The University of Texas at Austin
Allan H. MacDonald is a theoretical condensed matter physicist and the Sid W. Richardson Foundation Regents Chair Professor of Physics at The University of Texas at Austin. He completed a B.S. in physics at St. Francis Xavier University in 1973 and his Ph.D. at The University of Toronto in 1978. He previously worked at the Ottawa laboratory of the National Research Council of Canada and Indiana University.

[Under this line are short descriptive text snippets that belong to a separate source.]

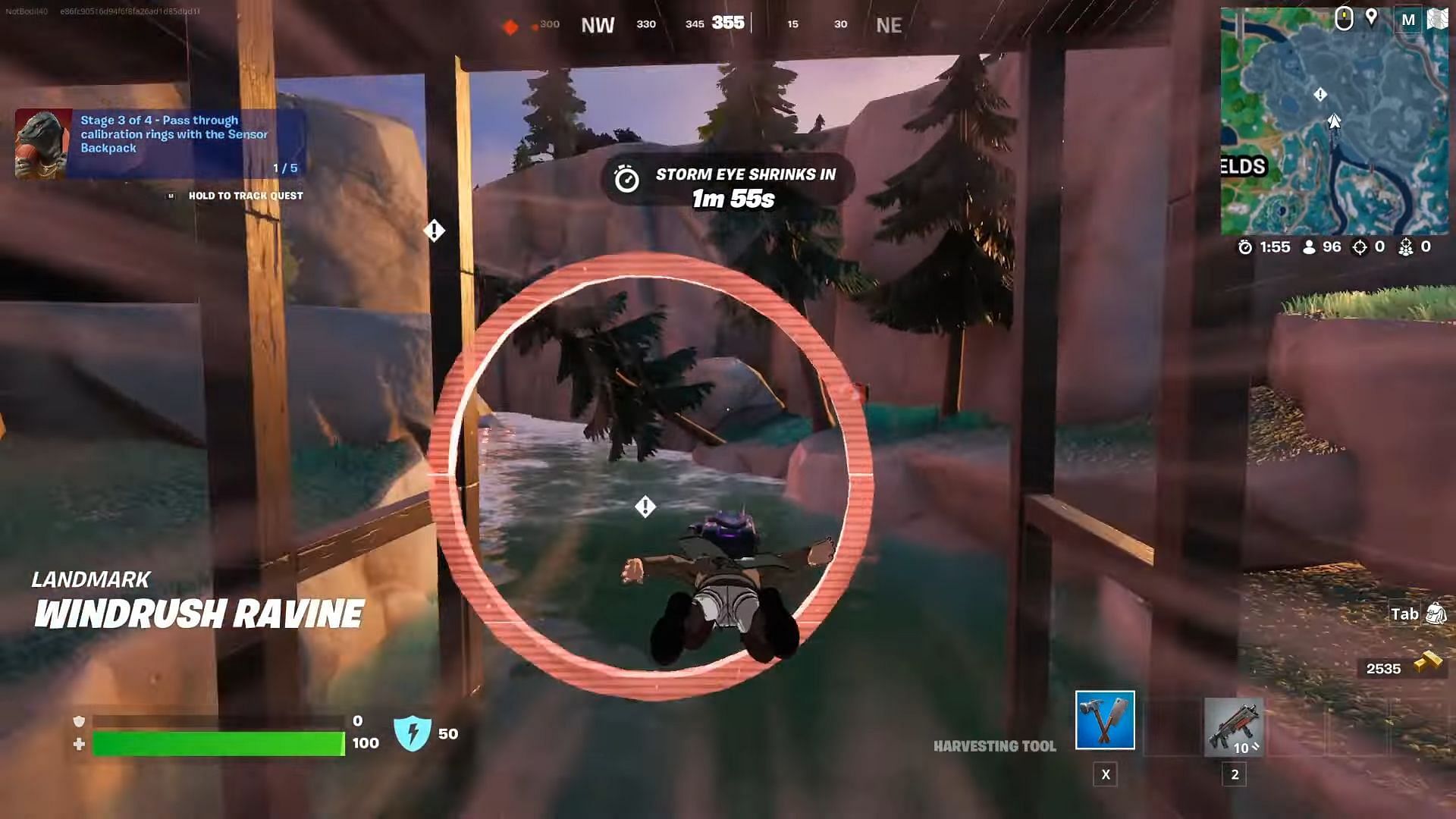 Avoid hitting fallen trees in Fortnite while in the slipstream (Image via YouTube/Bodil40)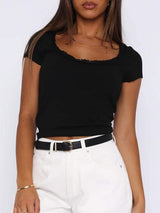 Lace Detail Scoop Neck Short Sleeve T-Shirt - Trendsi - Flyclothing LLC
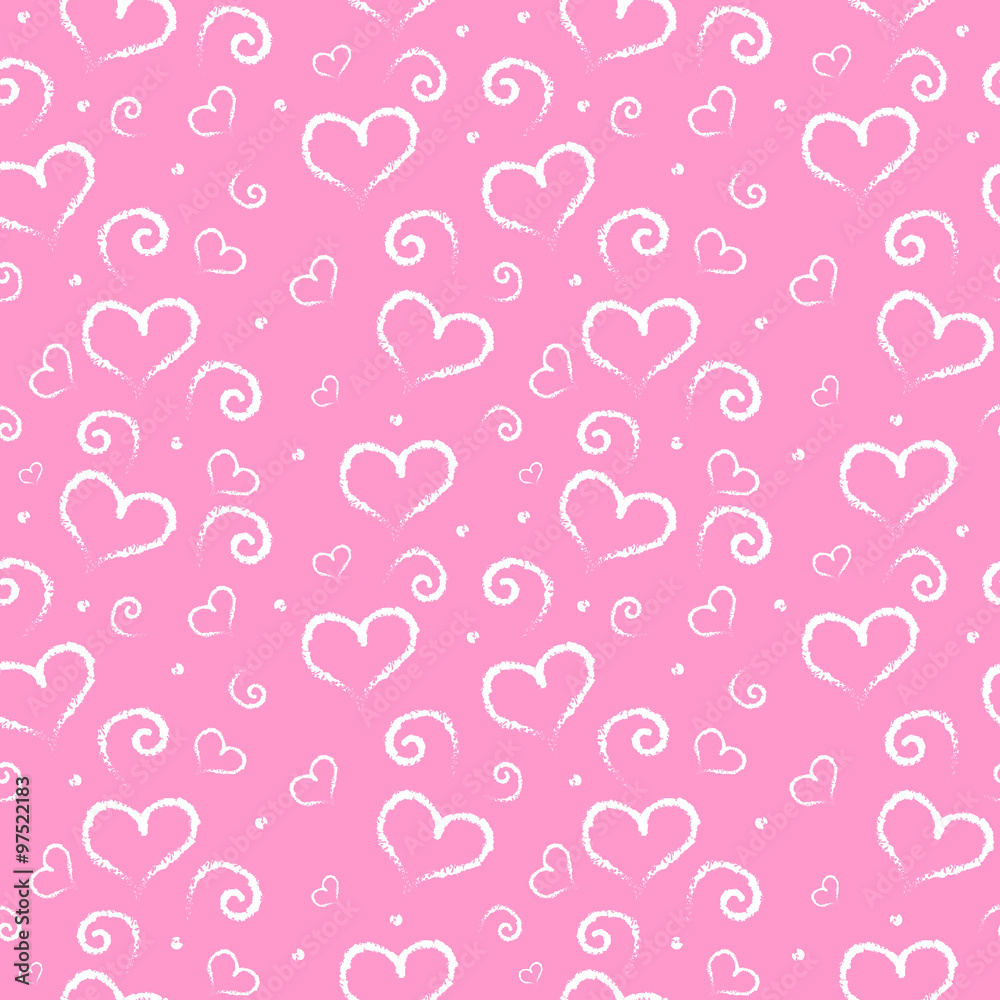 Seamless hearts pattern on pink background. Vector illustration.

MacDonald’s area of interest is on how electron-electron interactions affect electronic properties in condensed matter systems. He previously worked on density functional theory and the Quantum Hall effect, and most recently has focused on the Spin Hall effect, magnetic insulators, magnetic semiconductors and spin-orbit interactions. In a 2011 paper he identified the possibility that the tunneling energy required for electrons to move between two graphene layers should shrink as the angle between the sheets approaches 1.1 degrees from each other, a prediction that was subsequently proven to be true and has inspired investigations into twistronics.
MacDonald’s work has been cited more than 53,743 times, and he has a h-index of 113.
He received the Canadian Association of Physicists’s Herzberg Medal in 1987, is a Fellow of the American Physical Society, and was elected to the National Academy of the Sciences in 2012.
His describes his own research as “driven, for the most part, by experiment rather than by theoretical technique”.
Swinburne University of Technology
Virginia Kilborn is Professor in Astrophysics, and Dean of Science at Swinburne University of Technology. Her field of scientific expertise is in radio astronomy, and she works on galaxy evolution by tracing the gas content of galaxies. Virginia obtained her PhD in Astrophysics from the University of Melbourne, and worked at Jodrell Bank observatory in the UK before heading back to Australia to take up a position at Swinburne University in 2003.
Virginia is immediate past president of the Astronomical Society of Australia.
University of New South Wales
Sven Rogge researches quantum electronics, at the School of Physics. Sven works on quantum computation in silicon at the ARC Centre for Quantum Computation and Communication Technology. In a team of enthusiastic researches we work on gaining atomistic insights into the interactions of quantum objects, like atoms and qubits, with their environment. This allows us to manipulate quantum information and minimise decoherence. Before joining UNSW in 2011 Sven worked at the Kavli Institute for Quantum Nano Science at Delft University and Stanford University. Sven is the Vice-President of the Australian Institute of Physics.
Australian National University
Christine Charles is Professor and Head of the Space Plasma, Power and Propulsion laboratory at the Australian National University (ANU) in Canberra. She works on experimental expanding plasmas applied to space science (solar wind and aurorae) and space propulsion (i.e., Helicon plasma thruster for space debris mitigation & Pocket Rocket electrothermal thruster for nano-satellites such as ‘CubeSats’). She was recently awarded the 2015 Women in Industry Excellence in Engineering. She has published over 200 articles in various international peer-reviewed journals and her scientific output has been recognised by her Fellowship of the American Physical Society in 2013 and her Fellowship of the Australian Academy of Science in 2015. She actively popularises her science on ABC Catalyst, Discovery Channel, radio and public lectures and she was a TEDx Canberra speaker in 2014.
Professor Deb Kane holds a Personal Chair in Physics at Macquarie University, Sydney. She received a BSc (Hons) degree in physics from University of Otago, NZ, and her PhD degree from St Andrews University, Scotland. Her current research interests include photonics dynamical systems, quantifying complexity, the optics and optical properties of certain spider webs and silks, quantitative microscopy and nanoscopy, and laser materials processing. She is a Fellow of the Optical Society. She was the AIP Women in Physics Lecturer and medallist in 2006. She chaired the IUPAP Commission on Laser Physics and Photonics (2015-2017). Deb is a member of the National Committee of Physics and the Management Committee of the Australian Nanotechnology Network, and is the Accreditation Manager of the AIP.